My knee is permanently scarred from a close encounter with a
tar and chip street. I also lost my
virginity in the bicycle accident as I was riding a boy's bike and the bar
slammed my pelvis in a bone crushing way.
Okay, maybe I didn't technically lose my virginity, and I didn't even
know what a virgin was at the time, but tell it to my younger self as she
clutches herself in the grass and tries not to vomit at the side of the road.
Other than picking tarry rocks out of my knee, I kind of
liked the tar and chip road. The tar
bubbled and oozed on hot summer days. I
skipped around and popped bubbles.
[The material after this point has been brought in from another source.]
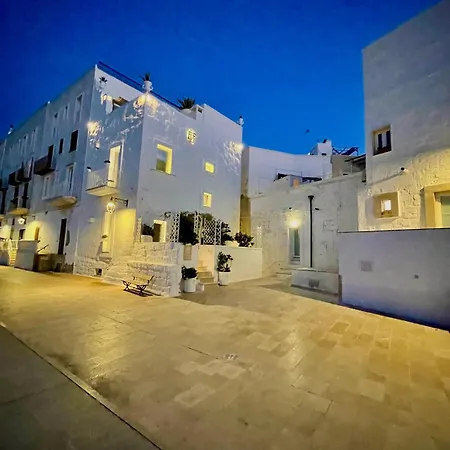 Casa Solomare By Travel With Gianni Apartment Monopoli Exterior photo
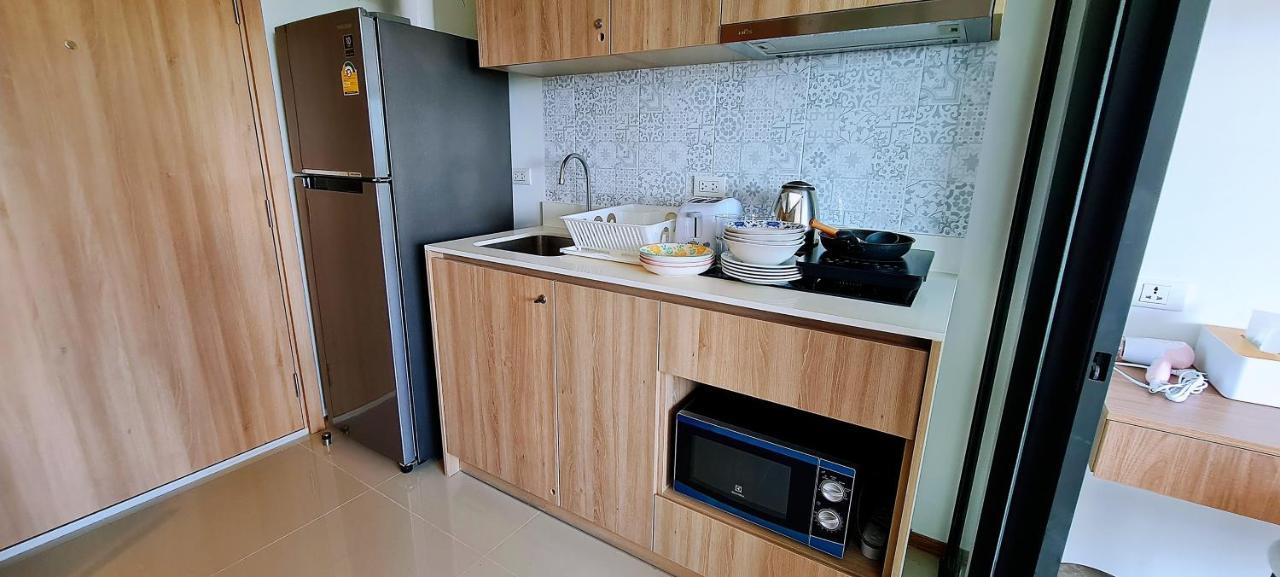Highest Floor Close To Cicada And Tamarind Night Market Lahabana Condo หัวหิน ลาฮาบาน่า คอนโด ชั้นบนสุด ติดกับตลาดซิเคด้าและตลาดแทมมารีน Exterior foto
I
squiggled my bare feet in thick, black splotches. It's not like there were any cars getting in the way of my
fun. I'm sure Mom loved the black tracks
I made across the living room floor when I got home, but I often cleaned my
feet first with gasoline. Yeah, very
healthy. I feel kind of whoozy at the
memory of the fumes.
Can you really remember being a child? Not just a mental picture like a snapshot in
a photo album, can you feel the sun on your head? Smell the pine trees and tar?
Hear the crickets chirping and the breeze blowing? Taste Grandma's cooking? See your own small body by looking down?
Creativity seems magical.
Ideas can feel like divine inspirations we draw from outside of
ourselves. Yet, I think most of
creativity has real, tangible sources like observation and memory, skills all
of us can develop.
I have to think a minute to remember what I had for dinner
last night. Pea soup. Why bother remembering? It doesn't matter unless I want to describe
it to someone else -- and creating is all about sharing something. If you want someone else to like your
creations, appeal to a person's senses, the more senses the better. My pea soup has a lot of potatoes in it,
carrots, snow peas... This is a shopping list.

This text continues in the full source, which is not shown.